FOREIGN EXCHANGE MARKET
The foreign exchange market is where there is the currency exchange of one nation for the currency of another country. When you are traveling to the United States and want to buy dollars to guarantee your purchases or a trip to Disney, you are working in the foreign exchange market.
The money market is where short-term loans are made, with maturities of less than one year. Trading takes place mainly through Treasury bonds. The Central Bank and financial institutions are the agents of this market.
TYPES OF INVESTMENTS
The financial market offers two types of investment, fixed income, and variable income. Both are quite interesting and should not be dismissed by the investor.
The fixed income has much greater adherence than the variable. And the champion of applications is still savings.
Fixed income is the type of investment that offers a projection basis or the calculation of the exact return before investment. Securities like this can have fixed-rate yield, with a defined annual interest, post-fixed, linked to an indicator such as the CDI (Interbank Deposit Certificate, profitability reference), or hybrid, with a fixed interest plus the variation of the IPCA (Index of Broad Consumer Prices, considering the country’s official inflation).
Variable income is still little explored by individual investors in Brazil. In more developed markets, such as the United States, it represents a much larger share of investments.
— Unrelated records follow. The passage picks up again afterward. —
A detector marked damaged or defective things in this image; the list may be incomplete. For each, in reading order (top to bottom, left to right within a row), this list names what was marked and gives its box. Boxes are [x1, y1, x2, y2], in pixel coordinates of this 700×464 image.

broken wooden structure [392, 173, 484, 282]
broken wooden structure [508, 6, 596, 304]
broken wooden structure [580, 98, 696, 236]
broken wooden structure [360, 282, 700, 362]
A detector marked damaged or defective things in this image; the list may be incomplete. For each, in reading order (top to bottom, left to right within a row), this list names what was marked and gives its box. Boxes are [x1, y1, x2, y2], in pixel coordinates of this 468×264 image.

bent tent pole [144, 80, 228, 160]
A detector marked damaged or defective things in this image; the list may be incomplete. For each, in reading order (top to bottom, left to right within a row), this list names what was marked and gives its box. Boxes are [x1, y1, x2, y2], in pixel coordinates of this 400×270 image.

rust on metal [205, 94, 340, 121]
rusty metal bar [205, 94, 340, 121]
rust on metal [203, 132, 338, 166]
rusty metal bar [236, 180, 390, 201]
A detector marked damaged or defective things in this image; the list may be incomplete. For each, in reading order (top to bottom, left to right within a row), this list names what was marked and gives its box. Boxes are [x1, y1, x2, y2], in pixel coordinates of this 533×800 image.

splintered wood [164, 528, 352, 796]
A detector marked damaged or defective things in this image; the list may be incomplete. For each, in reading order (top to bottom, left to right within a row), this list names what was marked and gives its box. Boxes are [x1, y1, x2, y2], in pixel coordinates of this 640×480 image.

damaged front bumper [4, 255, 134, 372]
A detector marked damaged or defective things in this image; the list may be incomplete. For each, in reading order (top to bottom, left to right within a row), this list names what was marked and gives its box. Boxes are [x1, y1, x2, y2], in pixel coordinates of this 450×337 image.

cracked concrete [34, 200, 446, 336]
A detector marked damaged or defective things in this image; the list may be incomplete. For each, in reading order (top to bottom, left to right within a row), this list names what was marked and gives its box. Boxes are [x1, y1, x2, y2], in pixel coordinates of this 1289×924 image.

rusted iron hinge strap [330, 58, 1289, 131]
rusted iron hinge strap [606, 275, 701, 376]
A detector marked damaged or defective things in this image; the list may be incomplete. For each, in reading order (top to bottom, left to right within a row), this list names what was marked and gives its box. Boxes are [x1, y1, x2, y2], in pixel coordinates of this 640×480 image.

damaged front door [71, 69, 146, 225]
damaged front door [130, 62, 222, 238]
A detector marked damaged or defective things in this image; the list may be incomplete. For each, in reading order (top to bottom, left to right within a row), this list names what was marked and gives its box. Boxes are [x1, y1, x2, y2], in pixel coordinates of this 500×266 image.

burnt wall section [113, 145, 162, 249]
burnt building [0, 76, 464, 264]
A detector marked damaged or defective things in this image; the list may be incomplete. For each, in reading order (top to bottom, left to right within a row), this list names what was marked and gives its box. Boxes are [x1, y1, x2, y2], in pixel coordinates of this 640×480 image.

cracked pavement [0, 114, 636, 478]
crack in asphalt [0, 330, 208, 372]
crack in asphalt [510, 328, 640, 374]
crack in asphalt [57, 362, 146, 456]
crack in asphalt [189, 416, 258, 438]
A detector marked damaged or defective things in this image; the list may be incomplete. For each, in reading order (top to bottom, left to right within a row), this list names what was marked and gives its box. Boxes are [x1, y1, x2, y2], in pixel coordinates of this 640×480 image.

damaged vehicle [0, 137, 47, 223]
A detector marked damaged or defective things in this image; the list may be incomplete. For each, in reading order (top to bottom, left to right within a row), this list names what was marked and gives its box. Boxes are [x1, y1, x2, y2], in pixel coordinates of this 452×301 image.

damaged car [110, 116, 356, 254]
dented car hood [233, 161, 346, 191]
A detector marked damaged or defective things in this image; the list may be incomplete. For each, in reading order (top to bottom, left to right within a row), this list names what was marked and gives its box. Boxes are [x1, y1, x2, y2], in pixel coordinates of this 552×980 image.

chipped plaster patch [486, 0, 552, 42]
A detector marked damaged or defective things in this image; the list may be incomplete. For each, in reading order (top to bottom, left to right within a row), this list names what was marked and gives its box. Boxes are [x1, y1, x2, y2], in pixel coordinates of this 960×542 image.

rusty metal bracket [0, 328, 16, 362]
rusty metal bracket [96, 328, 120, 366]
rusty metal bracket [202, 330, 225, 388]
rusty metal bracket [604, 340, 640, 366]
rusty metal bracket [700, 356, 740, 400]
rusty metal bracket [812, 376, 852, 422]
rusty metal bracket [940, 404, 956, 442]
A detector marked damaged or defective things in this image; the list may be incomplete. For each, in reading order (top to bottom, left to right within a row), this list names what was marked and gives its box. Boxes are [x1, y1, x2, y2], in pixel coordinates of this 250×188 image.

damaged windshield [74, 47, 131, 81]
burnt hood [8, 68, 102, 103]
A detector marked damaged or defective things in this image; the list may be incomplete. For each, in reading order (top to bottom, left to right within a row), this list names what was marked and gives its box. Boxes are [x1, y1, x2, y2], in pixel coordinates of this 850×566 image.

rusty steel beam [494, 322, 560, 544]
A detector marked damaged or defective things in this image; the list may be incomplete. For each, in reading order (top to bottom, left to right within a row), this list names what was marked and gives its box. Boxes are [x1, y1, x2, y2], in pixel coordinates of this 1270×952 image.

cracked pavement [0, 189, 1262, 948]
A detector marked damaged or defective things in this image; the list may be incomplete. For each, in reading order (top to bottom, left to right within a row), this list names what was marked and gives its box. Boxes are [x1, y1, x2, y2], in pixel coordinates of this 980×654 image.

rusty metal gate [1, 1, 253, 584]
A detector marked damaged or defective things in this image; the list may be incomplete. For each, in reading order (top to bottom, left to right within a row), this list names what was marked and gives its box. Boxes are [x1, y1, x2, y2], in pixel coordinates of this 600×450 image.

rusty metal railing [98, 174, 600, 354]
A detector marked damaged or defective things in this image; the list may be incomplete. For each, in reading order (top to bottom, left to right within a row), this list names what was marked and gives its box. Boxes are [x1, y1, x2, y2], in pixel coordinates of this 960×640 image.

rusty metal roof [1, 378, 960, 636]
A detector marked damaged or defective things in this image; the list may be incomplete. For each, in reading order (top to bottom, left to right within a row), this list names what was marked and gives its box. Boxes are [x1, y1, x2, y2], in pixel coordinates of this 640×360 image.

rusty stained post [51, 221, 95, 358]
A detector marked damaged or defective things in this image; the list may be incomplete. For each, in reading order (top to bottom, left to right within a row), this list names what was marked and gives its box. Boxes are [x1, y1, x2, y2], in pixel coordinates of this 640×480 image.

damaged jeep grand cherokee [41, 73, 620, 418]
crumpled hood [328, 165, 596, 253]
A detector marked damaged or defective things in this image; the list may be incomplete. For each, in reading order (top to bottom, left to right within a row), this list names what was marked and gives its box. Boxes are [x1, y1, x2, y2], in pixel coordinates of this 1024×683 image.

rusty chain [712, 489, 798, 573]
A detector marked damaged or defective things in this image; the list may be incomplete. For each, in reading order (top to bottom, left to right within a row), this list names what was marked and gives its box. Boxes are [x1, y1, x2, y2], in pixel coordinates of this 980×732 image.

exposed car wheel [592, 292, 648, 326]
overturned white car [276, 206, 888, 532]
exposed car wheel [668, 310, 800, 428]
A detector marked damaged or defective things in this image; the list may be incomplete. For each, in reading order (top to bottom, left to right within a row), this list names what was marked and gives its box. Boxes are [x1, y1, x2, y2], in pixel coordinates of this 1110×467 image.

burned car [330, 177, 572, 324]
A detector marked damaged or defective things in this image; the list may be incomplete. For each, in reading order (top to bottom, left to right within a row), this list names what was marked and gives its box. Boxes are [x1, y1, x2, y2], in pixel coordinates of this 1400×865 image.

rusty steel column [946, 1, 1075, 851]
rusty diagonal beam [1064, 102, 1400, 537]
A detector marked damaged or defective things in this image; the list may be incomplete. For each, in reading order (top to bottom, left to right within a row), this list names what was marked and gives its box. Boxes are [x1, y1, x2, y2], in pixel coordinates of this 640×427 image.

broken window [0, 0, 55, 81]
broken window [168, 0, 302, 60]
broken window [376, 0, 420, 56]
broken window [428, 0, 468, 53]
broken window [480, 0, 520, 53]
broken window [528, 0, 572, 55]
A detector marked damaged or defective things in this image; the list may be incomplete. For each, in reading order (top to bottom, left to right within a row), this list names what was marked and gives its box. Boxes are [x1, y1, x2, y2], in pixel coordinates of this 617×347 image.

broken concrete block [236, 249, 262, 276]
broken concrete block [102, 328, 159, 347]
In comparison with fixed income, the variable leads to greater volatility and greater risk of loss, although it offers the potential for higher returns.
For those just starting, it’s important not to allocate all of your reserves to variable income. Get to know your investor profile, find out if this type of investment makes sense to you
MAIN AGENTS OF THE FINANCIAL MARKET
Check below which are the main agents of the financial market.
In fixed income, bond issuers can be the Treasury (for government bonds ) or financial institutions (for private bonds). Analyzing the risk, in this case, it is easy to understand that you are putting your money in debt from the Federal Government, which undertakes to pay your money back plus interest. In the case of private securities, the risk is greater, since they are private institutions (banks or brokers).
The stock exchange is a stock trading platform for publicly traded companies.
The investor can act in the spot market, directly buying shares of companies he considers promising, or choose to invest in investment funds.
Resource borrowers are companies or individuals who need capital (for cash flow, working capital, financing, etc.) and are willing to pay interest on the money.
Investors are individuals or companies that wish to multiply their remaining capital.
Investment funds. Investment funds are an excellent way to enter the financial market, as they offer the chance for you to diversify applications without having great knowledge on the subject.
TYPES OF FUNDS
There are four types of funds considering asset classes, according to the Brazilian Association of Financial and Capital Markets Entities: fixed income, shares, multimarket and foreign exchange.
FIXED INCOME FUND
It focuses on returns through investments in fixed income assets (securities synthesized via derivatives are also accepted), with strategies that involve interest and price index risk.
It mainly has variable income assets, such as cash shares, warrants or subscription receipts, certificates of deposit of shares.
It is the most versatile of the funds and offers complex strategies, without any restrictions on allocations in certain assets or derivatives.
FOREIGN EXCHANGE FUNDS
At least 80% of the portfolio is destined to assets directly related or synthesized, via derivatives, to foreign currencies.